Teaching and assessment styles will vary from module to module to best deliver and examine the training content. Lectures, seminars and workshops will be reinforced with a significant practical component. This will make use of the substantial instrumentation and computational resources at Warwick. The practical aspects of the modules will enable you to gain essential hands-on experience, of a wide variety of techniques/instrumentation.
A mixture of oral and written examinations and assessments will be employed to ensure the students gain experience of team work, research paper and proposal writing, science communication and web page development.
Further information on the modules can be found below, The 2021/22 Timetable can be found here.
Module Teachers: Prof Mark Newton, Dr Claire Hurley
Although diamond is the focus, this module will include details about the properties, deposition, fabrication and applications of a range of advanced modern materials, such as CNTs, cBN, GaN, ZnO, etc. The module has been broken down into small lecture/workshop components so that the students will gain a working knowledge of many of the advanced modern materials in use by UK science & technology industries, as well as their synthesis/fabrication, properties, and applications. As well as lectures, there will be some interactive practicals and workshops based on the course material.

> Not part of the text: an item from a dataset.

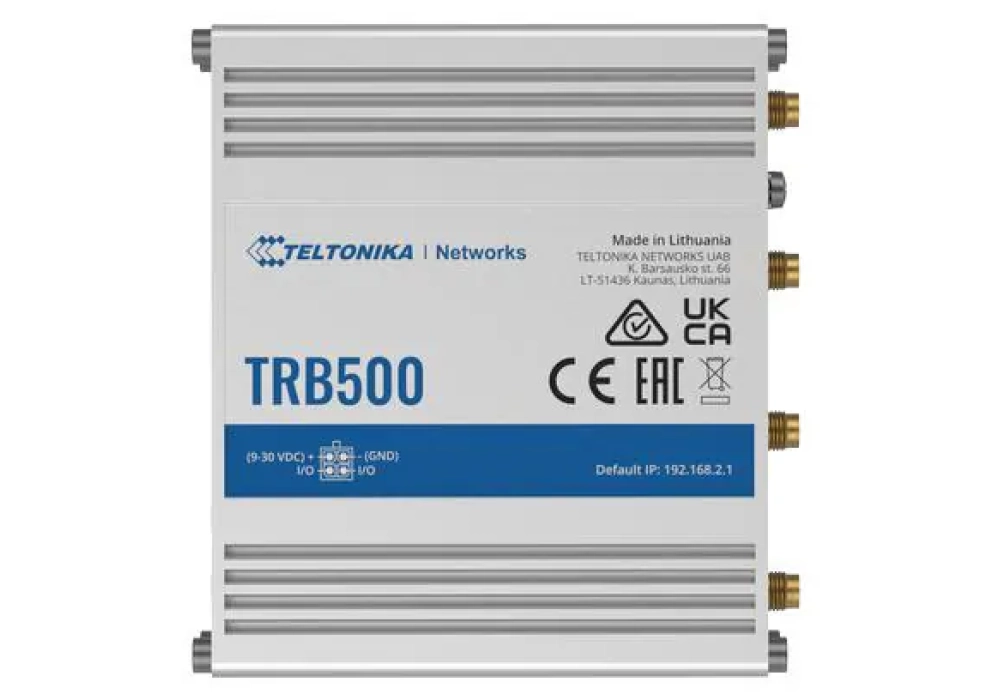 Teltonika Modem industriel LTE TRB500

Module Teacher: Prof Mark Newton
This course bridges the gap between undergraduate courses on materials and research-level reviews. It is designed for workers new to the field of defects and dopants in semiconductors and insulators. In undergraduate texts we are introduced to the concept of a perfect crystalline solid with every atom in its proper place in an infinite crystal. This is a convenient first step in developing the concept of electronic band structure and from it deducing the general electronic and optical properties of crystalline solids. However, such an idealization can be grossly misleading. A perfect crystal does not exist. There are always defects; crystals are like people it is the defects that make them interesting! Defects often have a profound effect on the real physical properties of a solid, and a major part of scientific research on materials has been devoted to the study of defects. We now know that most of the interesting and important properties of solids – electrical, optical and mechanical – are determined not so much by the properties of the perfect crystal as by its imperfections. There is no better example of the vital role played by defects than those found in semiconductors, where the ability to control the electrical conductivity by the addition of trace impurities to otherwise highly perfect crystals enabled a technological revolution.

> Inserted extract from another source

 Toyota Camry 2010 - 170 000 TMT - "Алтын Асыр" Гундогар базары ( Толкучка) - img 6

The course covers the identification of intrinsic, defects, dopants and impurities in semiconductors and insulators with a specific focus on diamond. Once the different types of defects have been introduced it follows an approach whereby different characterisation techniques are introduced and the information which they reveal about the properties of defects/impurities are explained by reference to the measurements made on them.
Module Teachers: Dr Ben Green, Dr Claire Hurley
This module aims to cover the basics of clean room technologies and device fabrication. The specifics of diamond processing will be addressed in context with silicon technologies. The operation of basic semiconductor devices will be explained.
Module Teacher: Dr Gavin Morley
Students will achieve a basic grounding in the physics and application of quantum devices based on nitrogen vacancy centres (NVC) in diamond in the context of condensed matter physics. They will learn about the principles of operation and device designs for using NVC in quantum computing and magnetometry. The advantages and challenges of diamond will be covered. Students will gain practical experience in optics and spintronics experiments including quantum control of a single spin.